The second step was to teach the system to identify causal connections. Here the team used much the same technique. Dr Gordon and his students read thousands of random blog entries and specifically pointed out phrasing associated with causal relationships (such as “I did X so then Y happened”) for the computer to pick up on. Identifying such phrases in blog entries then enables the computer to pick out and categorise those sentences that contain a cause and an effect, such as “I slammed on the brakes but ended up smashing into the car in front of me” or “The doctor scolded me for eating too much fat and risking a heart condition.”

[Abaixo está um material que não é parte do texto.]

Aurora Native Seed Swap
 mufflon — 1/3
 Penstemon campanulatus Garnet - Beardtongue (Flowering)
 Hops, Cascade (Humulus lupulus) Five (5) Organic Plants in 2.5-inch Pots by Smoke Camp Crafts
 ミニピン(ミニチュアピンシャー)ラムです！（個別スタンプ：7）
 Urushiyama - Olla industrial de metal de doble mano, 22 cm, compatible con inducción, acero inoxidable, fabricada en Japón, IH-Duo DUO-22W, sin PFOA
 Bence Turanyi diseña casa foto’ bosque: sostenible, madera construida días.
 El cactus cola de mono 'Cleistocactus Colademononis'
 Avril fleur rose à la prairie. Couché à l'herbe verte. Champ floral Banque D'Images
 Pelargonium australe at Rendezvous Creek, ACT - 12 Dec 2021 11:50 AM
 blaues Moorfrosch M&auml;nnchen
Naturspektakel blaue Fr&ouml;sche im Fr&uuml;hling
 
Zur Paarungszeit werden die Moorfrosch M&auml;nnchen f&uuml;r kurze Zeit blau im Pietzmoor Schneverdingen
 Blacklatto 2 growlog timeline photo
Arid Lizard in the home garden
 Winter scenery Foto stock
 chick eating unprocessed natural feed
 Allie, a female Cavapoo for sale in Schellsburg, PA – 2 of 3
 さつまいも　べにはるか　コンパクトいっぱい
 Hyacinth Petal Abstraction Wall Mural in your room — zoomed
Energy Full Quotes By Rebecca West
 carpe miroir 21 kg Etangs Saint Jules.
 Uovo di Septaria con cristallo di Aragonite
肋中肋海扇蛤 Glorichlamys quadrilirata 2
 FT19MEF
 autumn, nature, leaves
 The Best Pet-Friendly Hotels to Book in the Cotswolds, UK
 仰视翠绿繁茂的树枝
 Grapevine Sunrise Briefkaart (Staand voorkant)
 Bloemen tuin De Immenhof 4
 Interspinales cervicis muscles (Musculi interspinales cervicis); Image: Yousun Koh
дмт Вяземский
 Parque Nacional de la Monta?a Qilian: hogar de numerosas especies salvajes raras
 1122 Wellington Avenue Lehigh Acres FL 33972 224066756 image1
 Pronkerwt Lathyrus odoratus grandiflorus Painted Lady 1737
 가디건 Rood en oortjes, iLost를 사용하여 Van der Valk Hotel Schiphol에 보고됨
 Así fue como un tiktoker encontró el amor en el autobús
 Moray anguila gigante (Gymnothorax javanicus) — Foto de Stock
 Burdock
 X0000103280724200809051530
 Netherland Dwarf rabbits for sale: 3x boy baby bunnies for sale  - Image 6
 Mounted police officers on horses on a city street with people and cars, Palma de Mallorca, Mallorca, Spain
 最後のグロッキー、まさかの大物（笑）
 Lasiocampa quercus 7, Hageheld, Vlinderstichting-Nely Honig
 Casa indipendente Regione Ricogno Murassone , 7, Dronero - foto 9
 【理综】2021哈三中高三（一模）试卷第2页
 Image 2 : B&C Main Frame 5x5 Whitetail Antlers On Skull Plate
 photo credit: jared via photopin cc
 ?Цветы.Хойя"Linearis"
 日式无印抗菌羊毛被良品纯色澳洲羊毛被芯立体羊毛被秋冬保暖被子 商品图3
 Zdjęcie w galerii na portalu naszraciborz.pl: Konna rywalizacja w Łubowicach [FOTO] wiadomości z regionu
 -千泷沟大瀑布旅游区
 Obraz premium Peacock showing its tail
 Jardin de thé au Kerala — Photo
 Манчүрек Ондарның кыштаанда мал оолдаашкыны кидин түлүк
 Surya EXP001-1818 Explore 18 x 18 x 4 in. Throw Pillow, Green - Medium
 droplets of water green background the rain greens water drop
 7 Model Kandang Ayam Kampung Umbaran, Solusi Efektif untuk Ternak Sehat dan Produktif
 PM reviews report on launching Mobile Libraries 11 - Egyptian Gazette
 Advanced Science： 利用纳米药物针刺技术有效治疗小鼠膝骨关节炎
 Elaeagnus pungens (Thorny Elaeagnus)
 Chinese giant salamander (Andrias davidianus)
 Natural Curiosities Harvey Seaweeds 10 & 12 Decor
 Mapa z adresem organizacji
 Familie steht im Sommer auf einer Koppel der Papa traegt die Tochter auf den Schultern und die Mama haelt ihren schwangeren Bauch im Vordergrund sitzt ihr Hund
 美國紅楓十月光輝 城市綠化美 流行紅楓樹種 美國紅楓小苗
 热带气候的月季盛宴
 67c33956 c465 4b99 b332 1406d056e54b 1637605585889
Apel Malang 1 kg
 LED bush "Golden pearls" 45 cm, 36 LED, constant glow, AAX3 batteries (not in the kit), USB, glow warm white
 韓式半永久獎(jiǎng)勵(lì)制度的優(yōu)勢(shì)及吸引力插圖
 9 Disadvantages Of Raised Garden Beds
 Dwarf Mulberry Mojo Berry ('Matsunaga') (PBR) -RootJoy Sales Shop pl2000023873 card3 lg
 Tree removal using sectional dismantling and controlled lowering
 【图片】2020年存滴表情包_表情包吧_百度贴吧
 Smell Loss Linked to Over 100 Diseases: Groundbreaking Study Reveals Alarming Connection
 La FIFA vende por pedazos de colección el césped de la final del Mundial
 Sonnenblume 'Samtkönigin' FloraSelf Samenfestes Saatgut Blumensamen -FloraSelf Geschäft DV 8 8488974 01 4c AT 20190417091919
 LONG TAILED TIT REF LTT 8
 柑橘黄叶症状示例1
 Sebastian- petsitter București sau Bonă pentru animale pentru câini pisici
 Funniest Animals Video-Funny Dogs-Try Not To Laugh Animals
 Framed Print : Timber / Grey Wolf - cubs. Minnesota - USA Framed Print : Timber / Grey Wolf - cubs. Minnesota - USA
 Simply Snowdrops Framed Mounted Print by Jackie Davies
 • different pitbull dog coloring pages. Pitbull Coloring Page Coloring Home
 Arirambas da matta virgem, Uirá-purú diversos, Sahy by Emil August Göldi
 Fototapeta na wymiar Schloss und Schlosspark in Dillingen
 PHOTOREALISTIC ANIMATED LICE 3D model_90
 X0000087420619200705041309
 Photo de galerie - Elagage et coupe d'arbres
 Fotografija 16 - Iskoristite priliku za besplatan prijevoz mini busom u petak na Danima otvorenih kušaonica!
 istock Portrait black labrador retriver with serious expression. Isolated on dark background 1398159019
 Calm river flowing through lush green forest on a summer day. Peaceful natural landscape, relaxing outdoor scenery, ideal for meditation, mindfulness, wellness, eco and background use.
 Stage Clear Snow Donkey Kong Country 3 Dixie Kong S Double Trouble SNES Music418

Até aí nada demais, né? Mas é a partir daí que o futuro começa a ganhar feições assustadoras e, arrisco eu, totalitárias:
The idea is that this will eventually lead to a system that can gather aggregated statistics on a day-by-day basis about the personal lives of large populations—information that would be impossible to garner from any other source. Ultimately, Dr Gordon expects the analysis of personal stories in weblogs to be used much like Google’s flu tracker, but on a much grander scale. Google’s flu-tracking scheme can detect early signs of influenza outbreaks by mining search data for flurries of flu-related search terms in a particular region.
The web could be mined to track information about emerging trends and behaviours, covering everything from drug use or racial tension to interest in films or new products. The nature of blogging means that people are quick to comment on events in their daily lives. Mining this sort of information might therefore also reveal information about exactly how ideas are spread and trends are set.
Esqueçam aí a questão comercial, de recomendação de novos produtos e atenham-se à possibilidade de prever comportamentos, como uso de drogas e tensões raciais, como cita a reportagem. Trata-se de um futuro em que vc é julgado não pelos seus atos, mas pelo que você pode vir a fazer.
Isso nas mãos de um governo autoritário é uma merda sem tamanho.